Raw data.
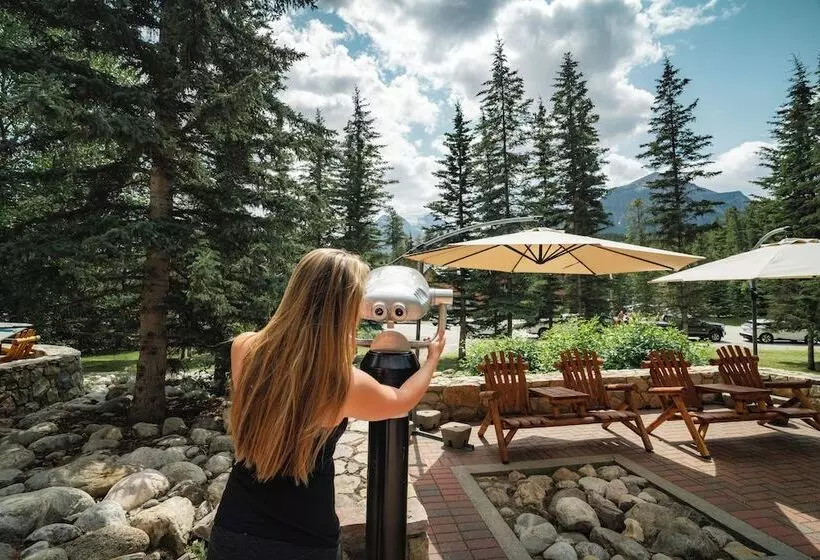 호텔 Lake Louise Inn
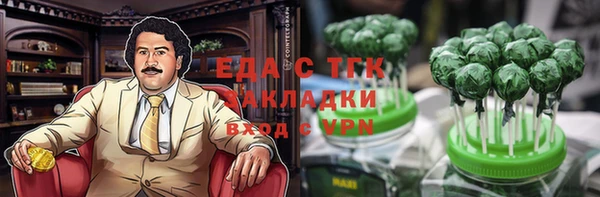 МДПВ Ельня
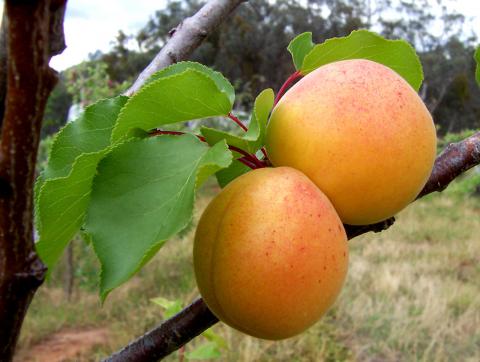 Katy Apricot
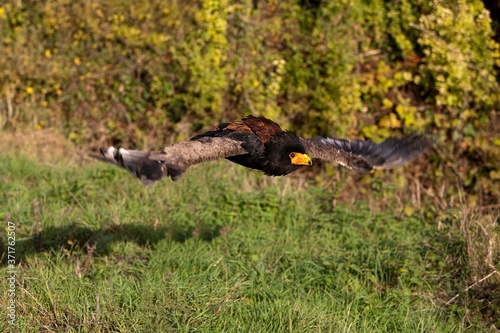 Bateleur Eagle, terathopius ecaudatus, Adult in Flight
--
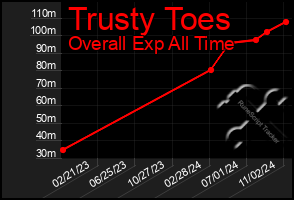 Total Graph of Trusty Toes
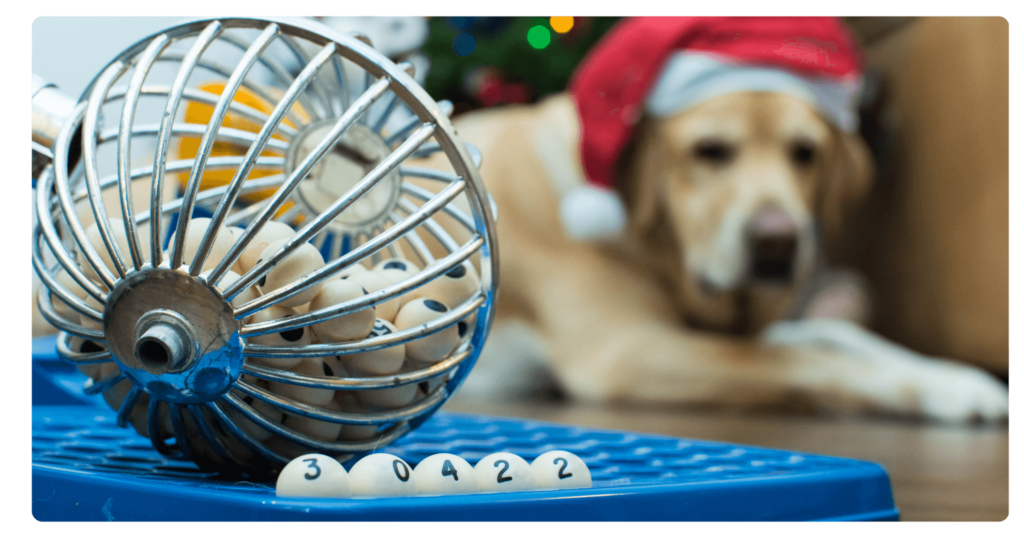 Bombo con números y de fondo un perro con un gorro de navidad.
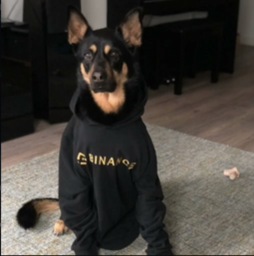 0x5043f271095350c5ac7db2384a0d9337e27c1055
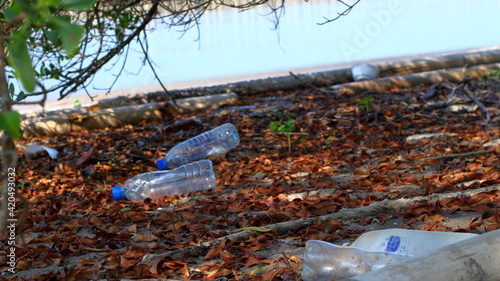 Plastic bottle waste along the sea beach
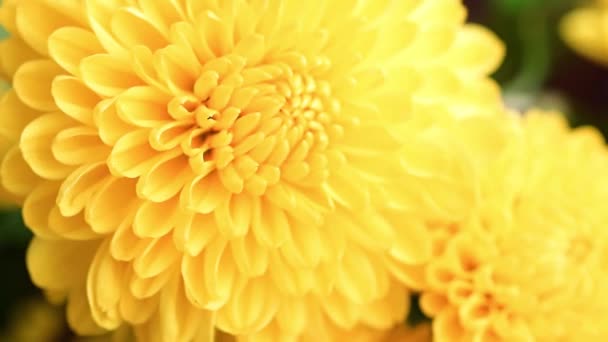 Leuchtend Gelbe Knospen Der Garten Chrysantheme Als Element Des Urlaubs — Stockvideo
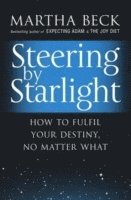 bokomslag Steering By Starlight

Task goal. In the listing above, find the line containing "호텔 Lake Louise Inn" and the line containing "Bateleur Eagle, terathopius", then return both of them and every line between, exactly, without pictures.

Output for this exercise.
 호텔 Lake Louise Inn
 МДПВ Ельня
 Katy Apricot
 Bateleur Eagle, terathopius ecaudatus, Adult in Flight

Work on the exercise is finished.